The Himalayan Times, 16 May 2016
The government is preparing to raise customs duty on rice, especially branded rice that comparatively costs higher in the domestic market. The Ministry of Agriculture, Land Management and Cooperatives has recommended to the Ministry of Finance to raise customs duty on imported (branded) rice by 10 per cent to 15 per cent through the upcoming budget for the fiscal 2018-19.
The government currently levies five per cent import duty on rice.
According to MoALMC officials, it has recommend that MoF raise customs duty to this effect on rice with grains above seven millimetres in size.
By increasing import duty on such rice, the government intends to promote Nepali rice over foreign brands.
Despite being an agricultural nation with production of paddy increasing in recent years, Nepal has to import huge volumes of rice every year.
In 2016-17, the country imported rice worth more than Rs 24 billion and the import bill of rice is expected to exceed that in the ongoing fiscal. “The plan is to increase import tax only on branded rice and not on normal rice, which is in high demand in the domestic market. This ensures that normal customers will not be affected despite increment in import taxes,” said an official at MoALMC. He added that the government also planned to bring down import duty on rice with grains below seven millimetres in size, the consumption of which is high in the country.
However, officials at MoF hastened to add that the proposal of MoALMC to raise import duty on certain rice brands would be examined thoroughly before any decision was taken.

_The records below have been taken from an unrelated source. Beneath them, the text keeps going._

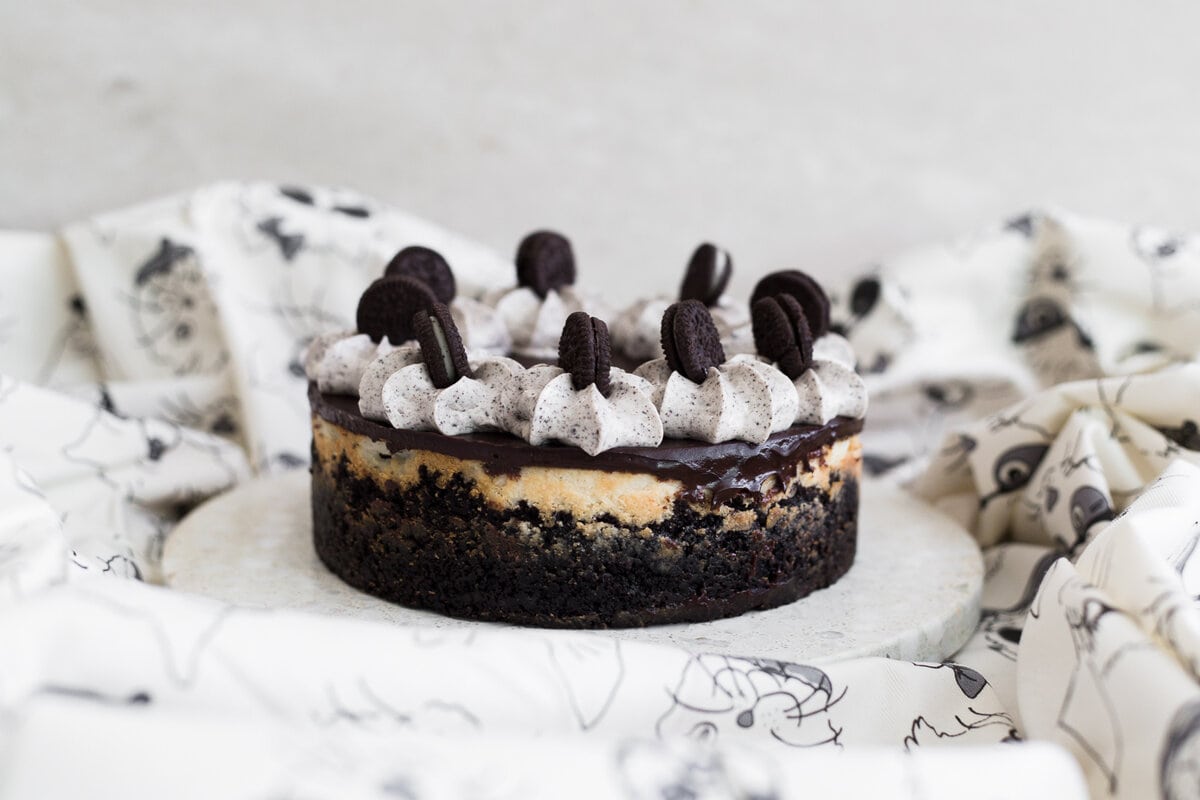 The Ultimate Baked Vegan Cheesecake recipe, so good you'll even fool the omnivores! Easy to make, low in cost and 100% Nut Free/Dairy Free. #dairyfree #bakedcheesecake #vegancheesecake #cheesecake #nutfree #oreocheesecake #veganrecipes #veganbakedcheesecake #simple
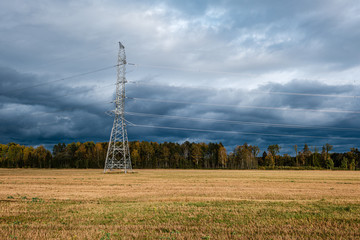 storm clouds over asphalt road in perspective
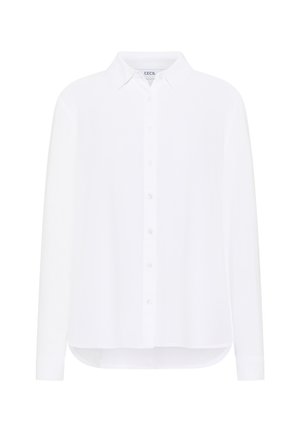 Chemise blanche à manches longues avec un col boutonné, patte de boutonnage sur le devant et ourlet incurvé. Fabriquée en tissu doux. Pas de motifs ni d'accents.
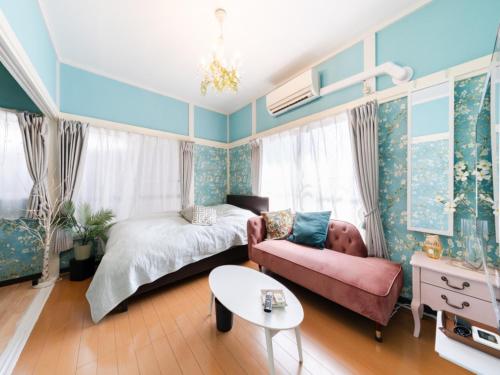 a bedroom with a bed and a couch and a table at Shinjuku Area , 3min walk to Nishi-Shinjuku 5-chome, 3min to Shinjuku, Switch, Free Wi-Fi , PocketWi-Fi in Tokyo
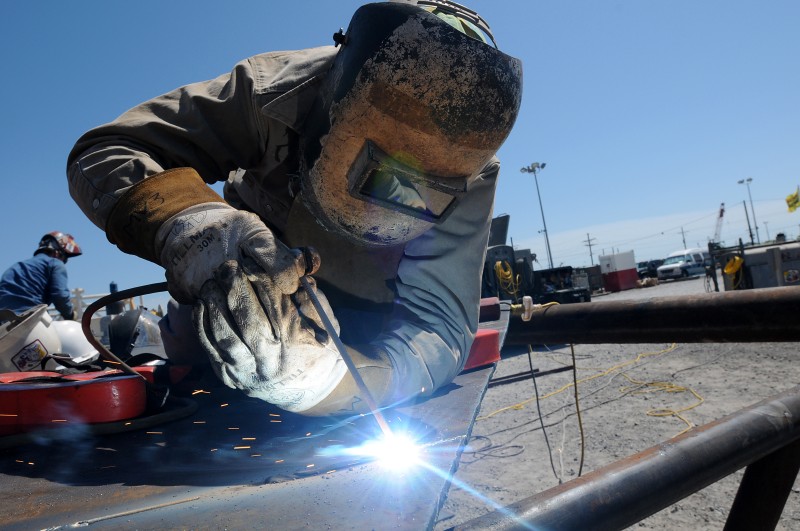 Welders' protective clothing needs not only to provide effective protection from splashes of molten metal but also to be comfortable to wear. © wikipedia.org (Author: PO3 Patrick Kelley)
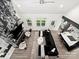 Stunning living room boasting a fireplace with a marble surround and elegant black sectional sofa at 9712 Worley Dr, Charlotte, NC 28215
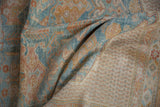 Distressed Afshar rug with worn blue and gold floral patterns and visible foundation.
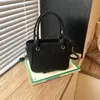 Bolsa Quadrada Pequena Simples Feminina Grande Capacidade Nova Primavera/Outono 2026 Design de Nicho Retrô Bolsa para Trabalho e Deslocamento Bolsa de Ombro Único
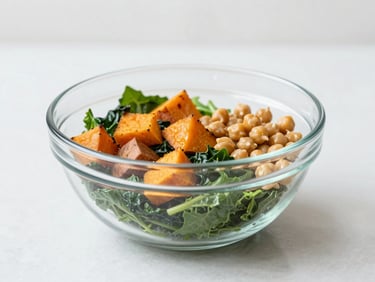Bright minimalist photo of a large glass bowl containing dark leafy greens, roasted sweet potato cubes, and chickpeas under diffused natural light.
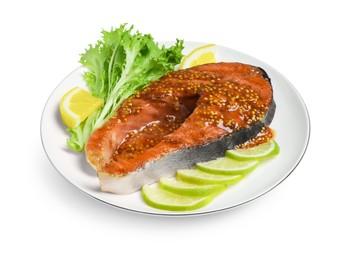 Photo of Tasty salmon steak with sauce, citrus slices and lettuce on white background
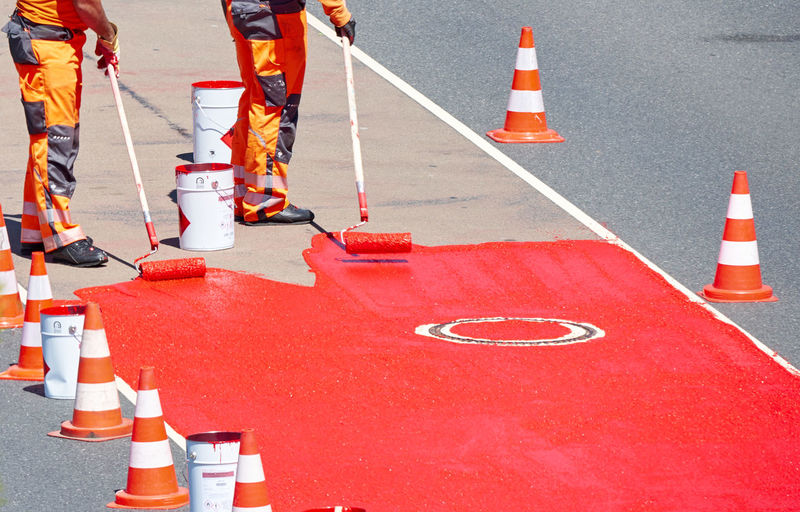 Workers carrying out marking work on a road that is marked with red paint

Consumer rights activists too opined that hiking customs duty on rice was necessary not only to substitute import and promote Nepali agricultural production, but also to discourage the increasing trend of Indian traders exporting Nepali rice under their own brand name.
“Our inspections at customs points have revealed that Indian traders first import Nepali paddy and rice as they are cheaper compared to Indian products and then export them to the Nepali market under an Indian brand name,” said Madhav Timalsina, president of Consumers’ Right Investigation Forum. He added that higher customs duty on imported rice will ultimately increase the demand for Nepali rice and boost production of paddy in the country.